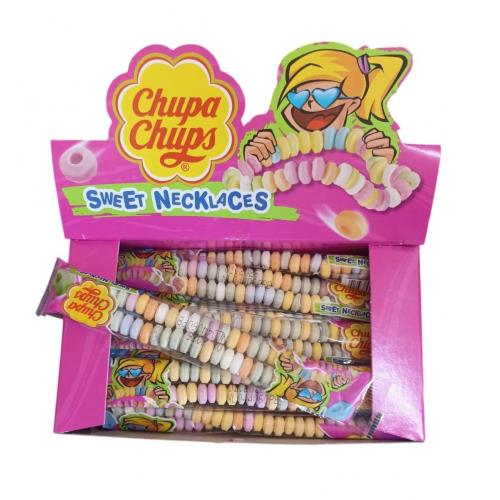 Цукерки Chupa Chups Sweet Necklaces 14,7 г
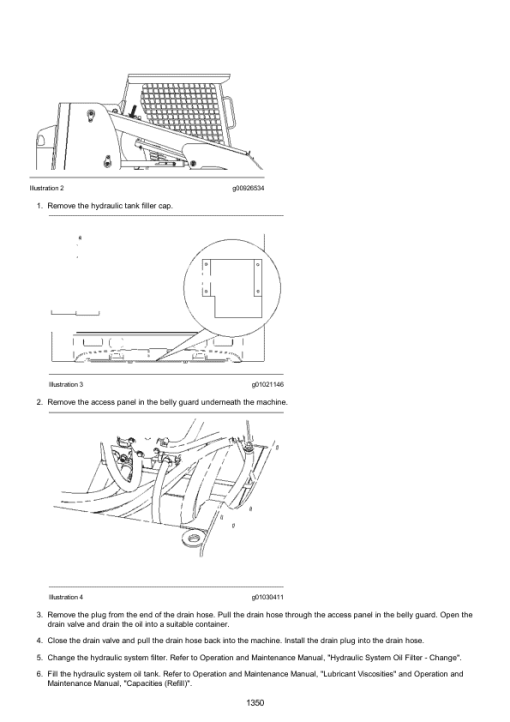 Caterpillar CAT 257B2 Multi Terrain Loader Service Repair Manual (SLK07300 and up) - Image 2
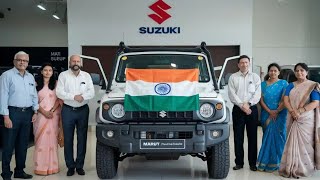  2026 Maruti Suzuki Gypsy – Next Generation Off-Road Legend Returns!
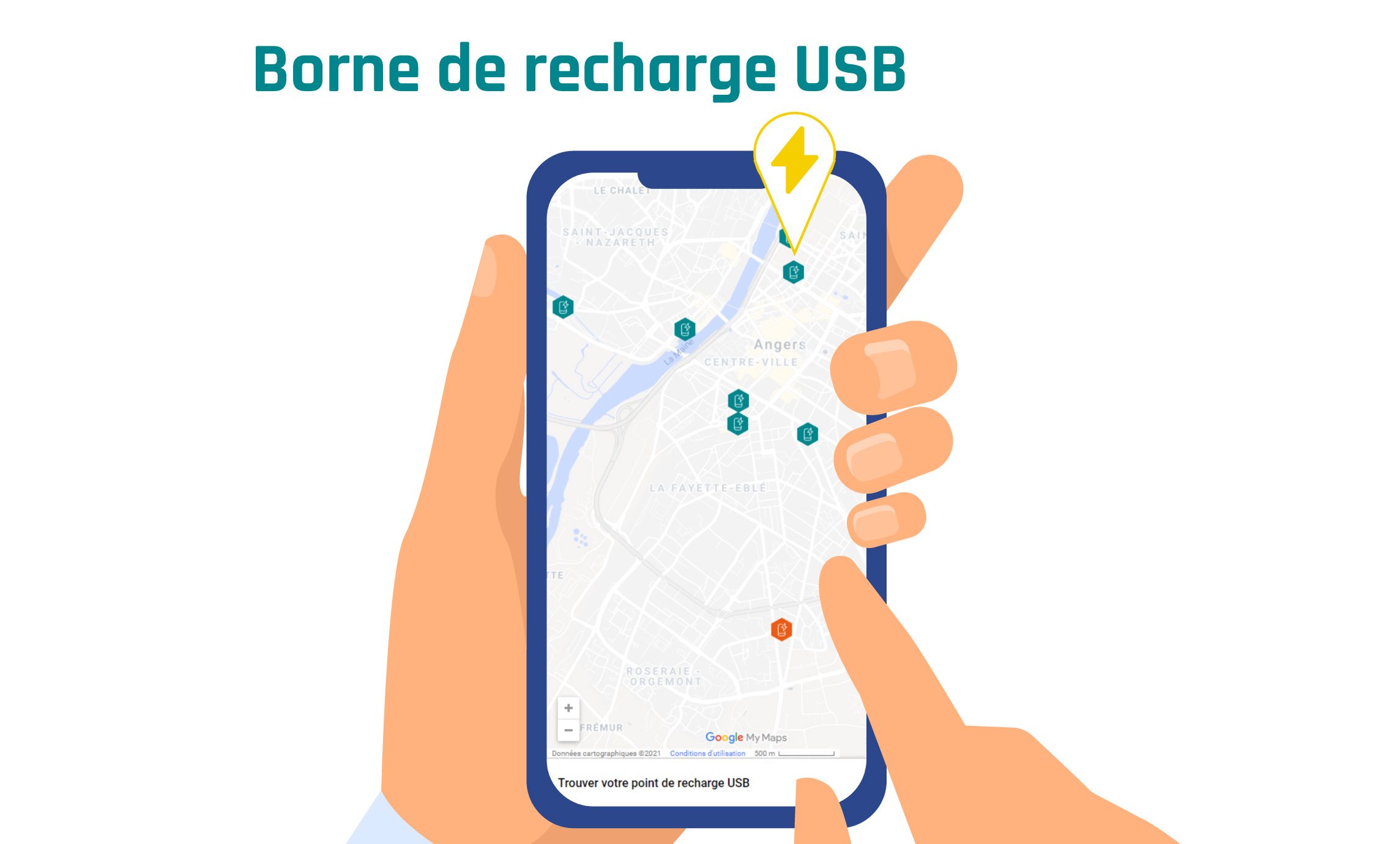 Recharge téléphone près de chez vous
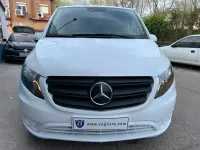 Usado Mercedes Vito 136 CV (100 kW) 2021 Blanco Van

Work required:
Above are the records; copy every one of them exactly and omit the images.

Output for this exercise:
 Цукерки Chupa Chups Sweet Necklaces 14,7 г
 Caterpillar CAT 257B2 Multi Terrain Loader Service Repair Manual (SLK07300 and up) - Image 2
  2026 Maruti Suzuki Gypsy – Next Generation Off-Road Legend Returns!
 Recharge téléphone près de chez vous
 Usado Mercedes Vito 136 CV (100 kW) 2021 Blanco Van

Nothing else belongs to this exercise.